Exercise objective: Repeat the data in full. Drop every picture.

Short web captions

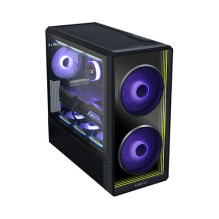 Midi Lian Li LANCOOL 217 INF Black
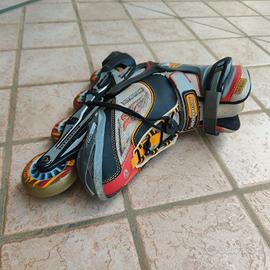 Set rollerblade allungabili  32-37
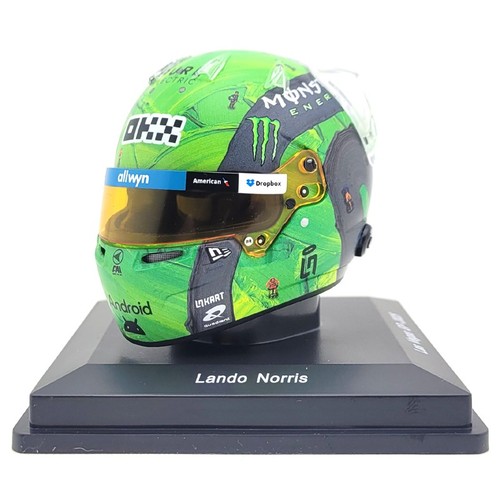 Casco 2025 lando norris las - casco,
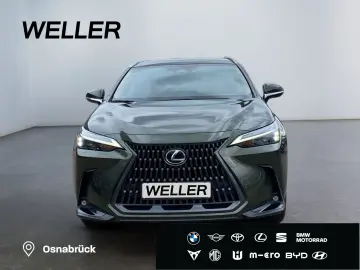 NX 350h Business Line *Bi-LED*360°*Leder*el Heck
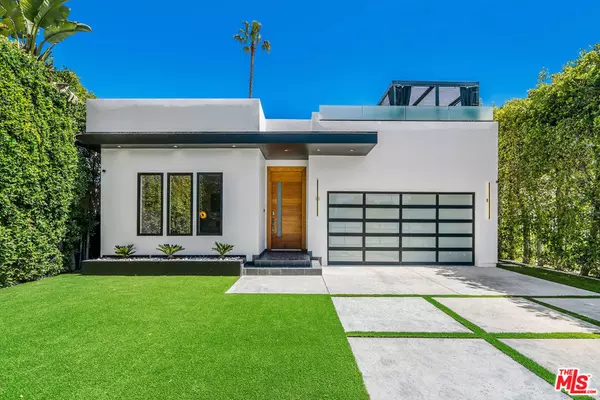 Sherman Oaks, CA 91423,4540 Sylmar AVE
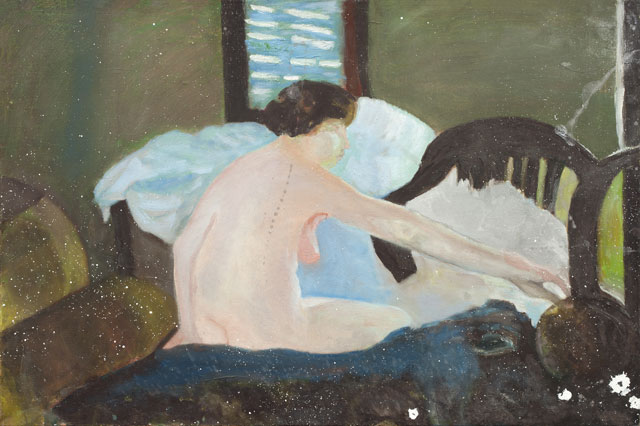 郭长江作品10-----女人体--1994年作---40×70cm.jpg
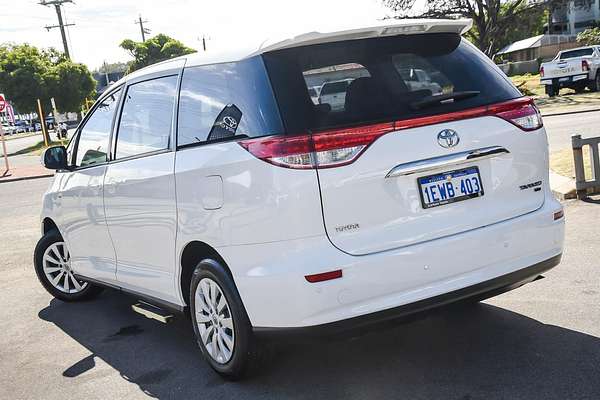 2015 Toyota Tarago GLi ACR50R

Response below:
 Midi Lian Li LANCOOL 217 INF Black
 Set rollerblade allungabili  32-37
 Casco 2025 lando norris las - casco,
 NX 350h Business Line *Bi-LED*360°*Leder*el Heck
 Sherman Oaks, CA 91423,4540 Sylmar AVE
 郭长江作品10-----女人体--1994年作---40×70cm.jpg
 2015 Toyota Tarago GLi ACR50R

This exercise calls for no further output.